A cross-section of the senior officials and experts said this is the time to laser-focus on a workable vision and plan of action for digital transformations in the subregion so that 20 years on, member States do not come back to have the same pale conversation which have characterised meetings of such magnitude for the past two decades with limited clues for action.
The debaters canvassed for stronger capacity for evidence-based analysis and systematic project preparation, for coherent policies and coordination of government interventions across the subregion as well as for unprecedented political will towards the digital changeover.
Ms. Reine Mbang Essobmadje, CEO of digital policy and strategy firm – Evolving Consulting – who is also the Chair of the Economic Commission of Cameroon’s National Employers Association (GICAM, in French), argued that Central Africa was in dire need of carefully designed and actionable strategies for digital transformation rather than on a happenstance approach.
She pleaded for governments to work with the private sector to implement recommendations from a gamut of worthwhile studies that have gathered dust on shelves and to consider mainstreaming the informal sector as a principal lever of the digital economy.
“Like in every other sector, leadership is important to move things forward,” she maintained, stating that without committed leadership, what has caused stagnation in other sectors would effect the same results in the march towards the digital economy.
The experts and senior officials laid a case for smart incentives, including tax exemptions, for the importation of equipment for digitally led productivity, based on comprehensive cost-benefit analysis in tune with the local context.
In this regard, the Representative of the International Telecommunications Union (ITU) for Central Africa and Madagascar – Mr. Jean-Jacques Massima Landji projected that “if our governments don’t incentivise instruments of the digital economy, by reducing the tax label on them, we would miss the fourth industrial revolution.”

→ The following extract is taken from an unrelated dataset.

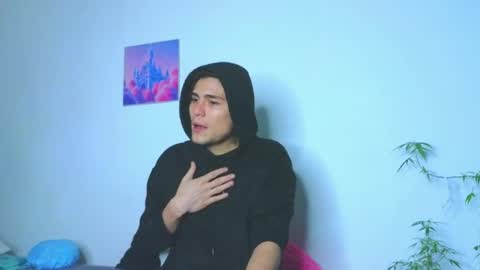      online show from April 5, 2026, 5:48 am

He decried an overbearing tax regime on digital goods, which should be seen as pivots for creating value addition in manufacturing, and services, which can then provide better streams of value added tax.
In concurrence, Mr. Jean-François Le Bihan, Director of Public Policy for Sub-Saharan Africa of the GSM Association (GSMA), said too much taxing of digital products, which stimulate economic activity across the board, would prove counterproductive.
A motion was made for upgraded laws and regulations to cushion the smooth take-off of the digital economy accompanied by appropriate institutions to peddle progress, as well as for shared cross-country visions for the digital age.
Mr. Norberto Bartolomé Monsuy, Adviser at the Presidency of Equatorial Guinea on digitization said his country’s Government is adopting strategies to boost private investments in the digital economy and was already consulting with its telecommunications regulators and telephony companies to bring down mobile telephony rates as a stimulant to the digital economy.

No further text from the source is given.